■ **YOUR TASK**
The required answer is an exact copy of the lines from the one containing "Photo 6 from" to the end of the listing, both included, without any pictures.

■ **DATA EXTRACT**
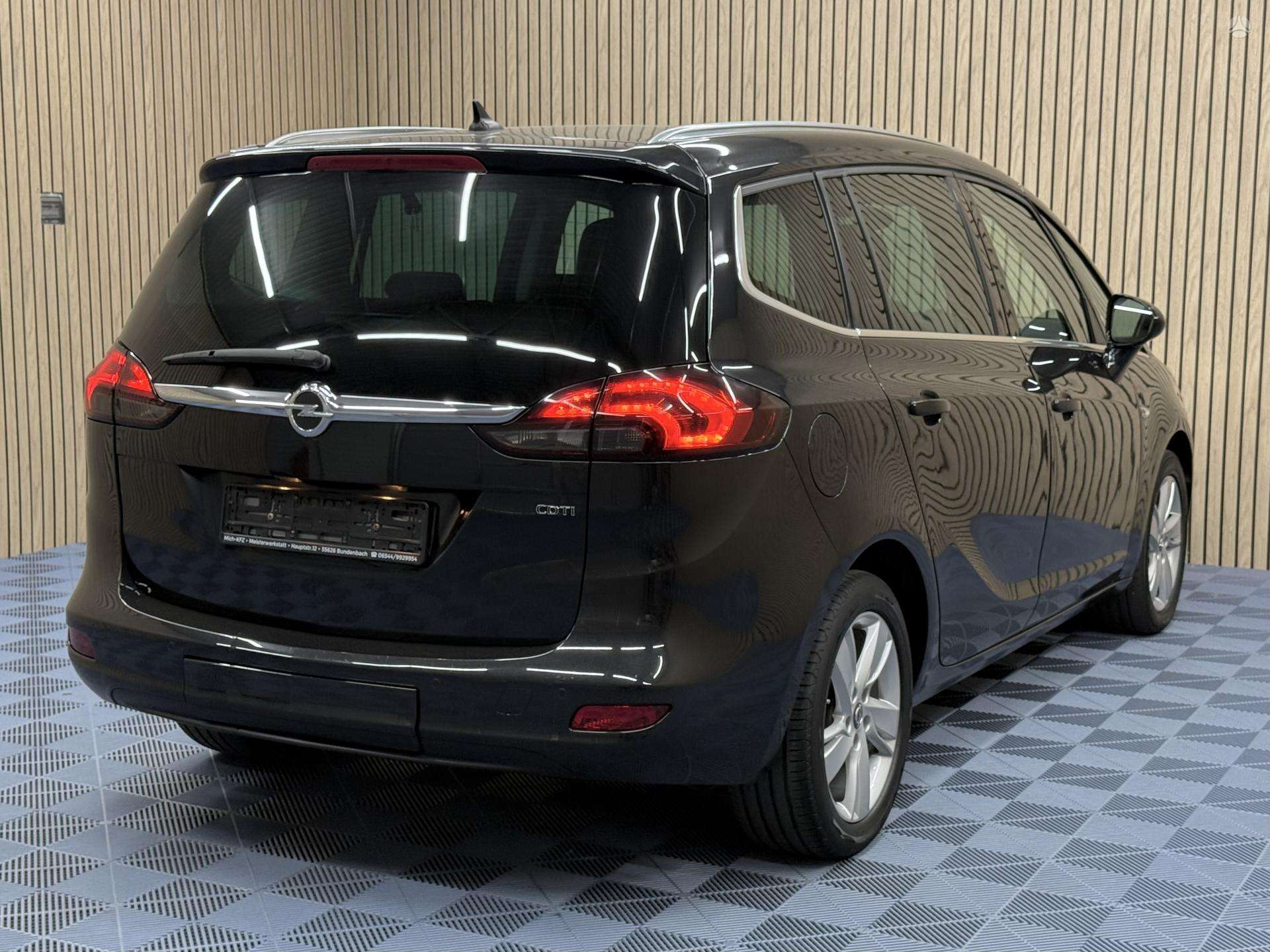 Opel Zafira Tourer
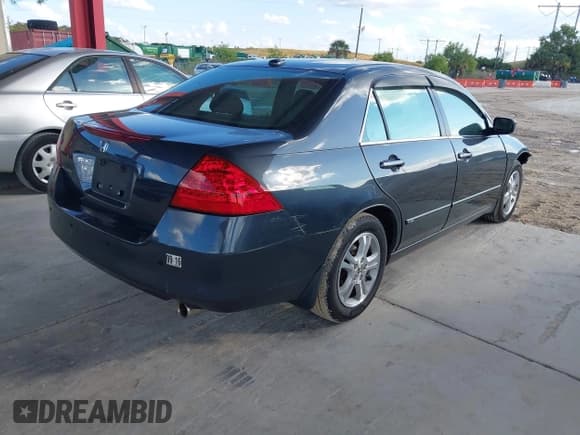 ✅ 2006 Honda Accord EX-L • VIN: 1HGCM56876A061183 • Lot: 43793606. Listed on IAAI with 93,117 mi. Free auction sales archive from the USA and detailed vehicle history report at DreamBid. Image 4.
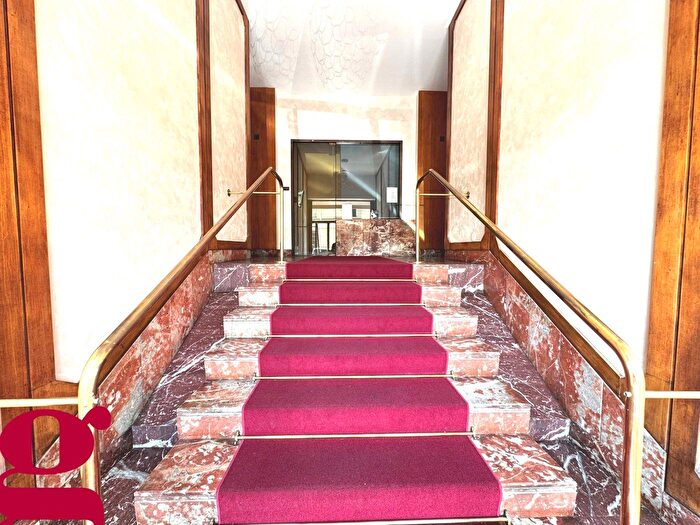 Appartamento quadrilocale in vendita in Via Monginevro, Torino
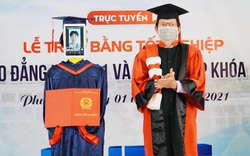 Lần đầu tiên ở Việt Nam: Robot thay sinh viên nhận bằng tốt nghiệp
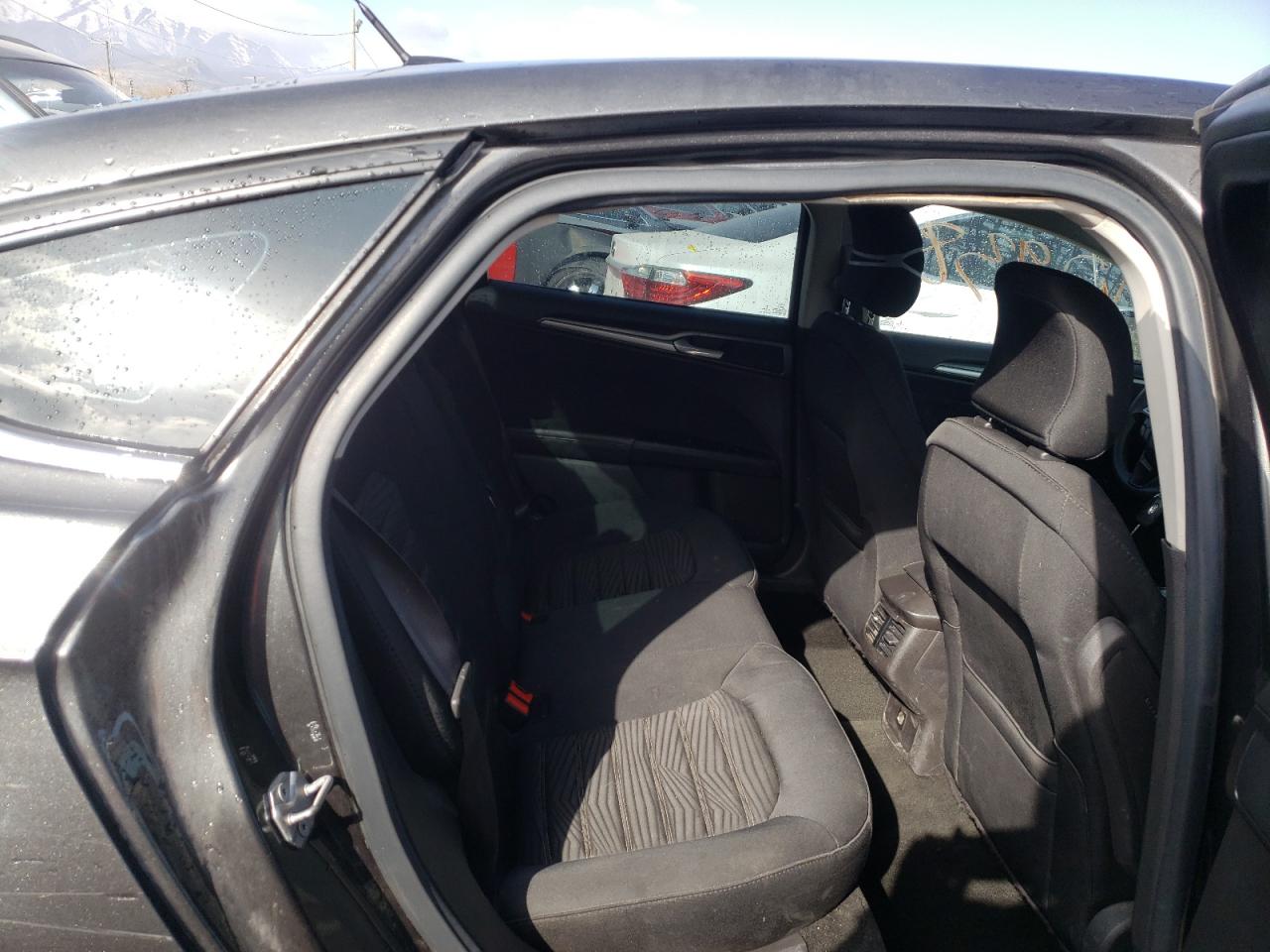Photo 6 from auction – 2016 FORD FUSION SE with VIN 3FA6P0H73GR330352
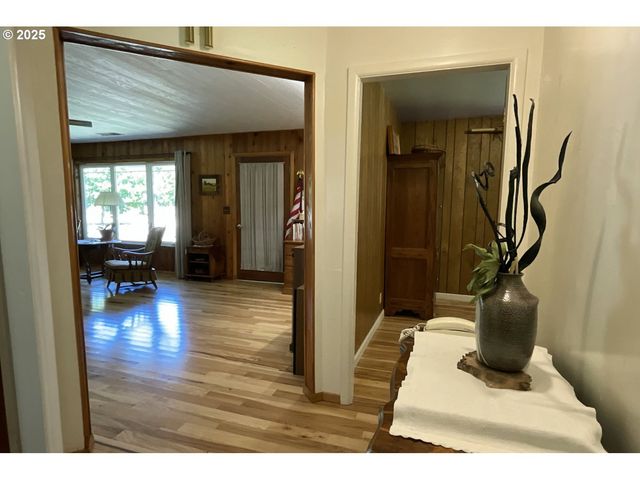 46386 HIGHWAY 58, Westfir, OR 97492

■ **RESULT OF THE TASK**
Photo 6 from auction – 2016 FORD FUSION SE with VIN 3FA6P0H73GR330352
 46386 HIGHWAY 58, Westfir, OR 97492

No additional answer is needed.